- Born: June 14, 1659 Stonehouse, Gloucestershire
- Died: November 16, 1706 (aged 47) Jamaica
- Occupation: Plantation owner
- Known for: The father of Blackbeard

= Edward Thache =

Captain Edward Thache (June 14, 1659 - November 16, 1706) was a wealthy plantation owner in the capital city of St. Jago de la Vega, or Spanish Town, Jamaica. His son Edward Thache Jr. is probably the well-known pirate Blackbeard, captain of the Queen Anne's Revenge, and a Royal Navy veteran of Queen Anne's War on HMS Windsor.

==Life==
Edward Thache was born in Stonehouse, Gloucestershire, the son of Anglican minister Rev. Thomas Thache and Rachel Nelme Thache of Sapperton, Gloucestershire, England. He most likely left the port of Bristol, Gloucestershire, England circa 1685 with his family: wife Elizabeth, son Edward Thache Jr. and daughter Elizabeth, for Jamaica in the West Indies. While records of Thaches are necessarily sparse in Bristol, a probable nephew of Capt. Thache, Thomas "Thatch", had lived in Bristol by 1712 and had leased a house "a mere block from the city docks" from his cousin Martin Nelme (Coroner of Bristol since 24 March 1697). The 1686 census for Bristol does not show a Thache family, however, and it is presumed that they left for Jamaica by that time.

Capt. Thache's first wife Elizabeth died and was buried on January 13, 1699 in Spanish Town at St. Catherine's Anglican Church. Thache remarried on June 11, 1699 to twice-widowed Lucretia Poquet Maverly Ethell. They had issue: Cox Thache (bapt. July 8, 1700), Rachel Thache (bapt. February 6, 1704), and Thomas Thache (bapt. November 17, 1705). Capt. Edward Thache then died and was buried at the same church in Jamaica on November 16, 1706. He did not have a will and his entire estate fell upon his eldest son, per the law of primogeniture. The following December 10, that eldest son Edward Thache Jr., then serving on HMS Windsor, deeded his inheritance to his step-mother Lucretia so that they could administer the family plantation and take care of her young children, including the young daughter of Edward Thache Jr., another Elizabeth, probably born in nearby Kingston.

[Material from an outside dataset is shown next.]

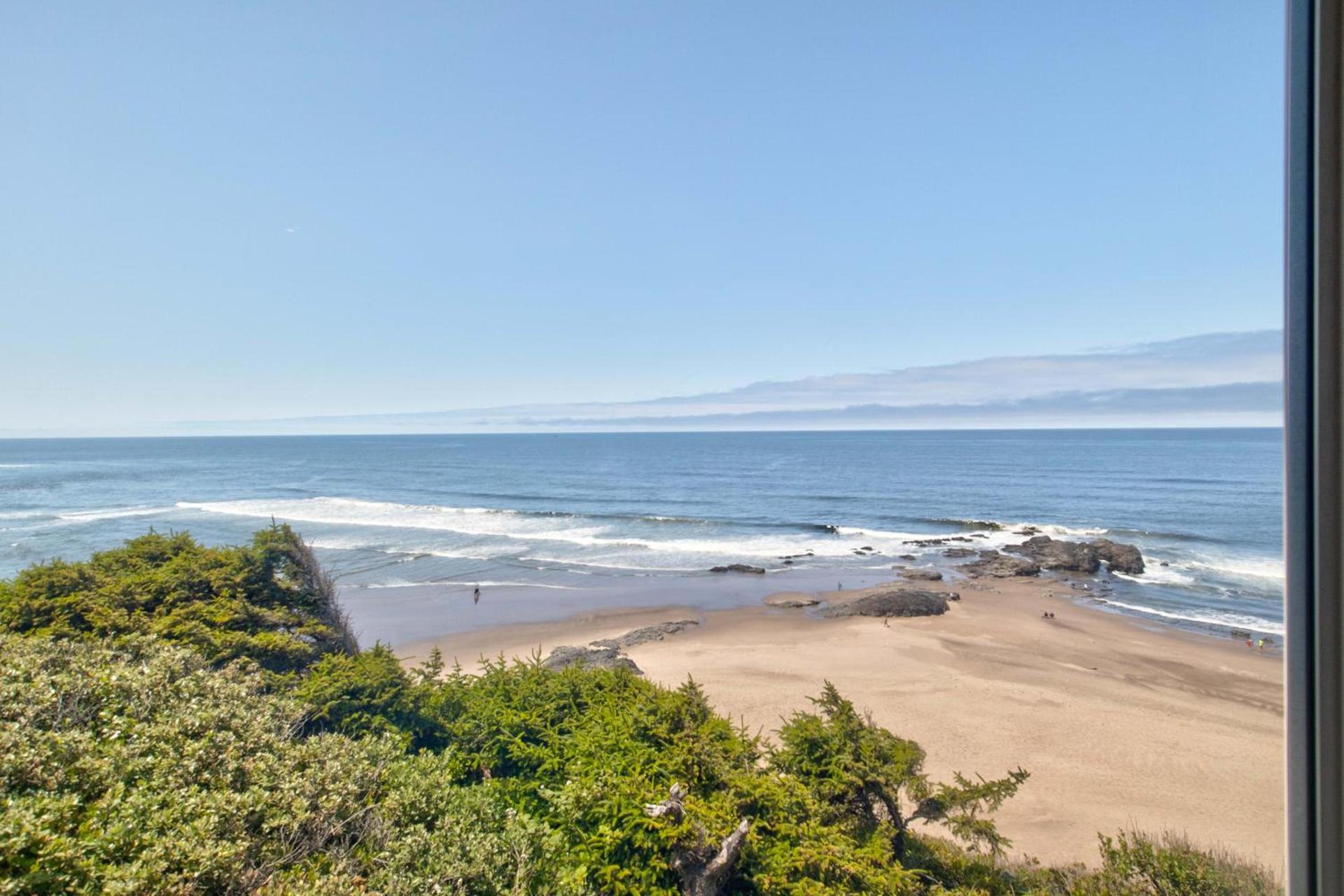 Ester Lee Oceanview Inn photo 42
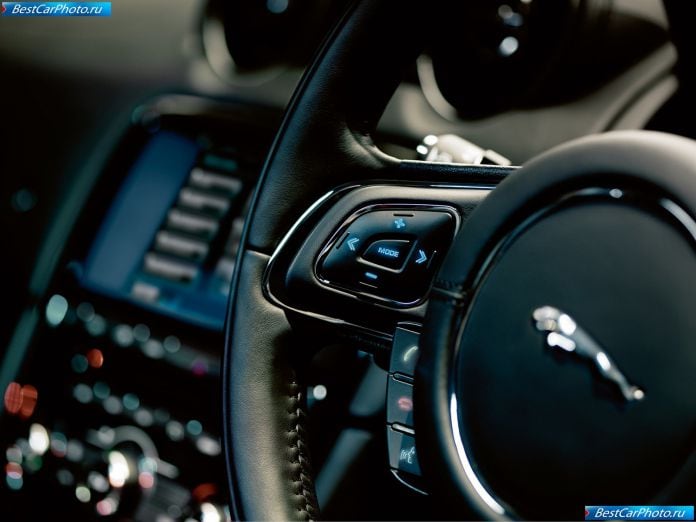 2010 Jaguar Xj - фотография 71 из 92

Lucretia never married a fourth time. She kept the Thache family name as matriarch for thirty-seven years until her death in 1743. Barbadian resident Charles Leslie, author of A New Account of Jamaica, published in 1739, had visited Jamaica, presumably in the 1730s, to research his book. Having read A General History of the Pyrates, by Captain Charles Johnson(discovered to be Nathaniel Mist), he was astounded to discover that "Black-beard... was born in Jamaica, of very creditable parents." Leslie also wrote "... [Blackbeard's] Mother is alive in Spanish-Town to this Day [Lucretia died 1743], and his Brother [Cox] is at present Captain of the Train of Artillery."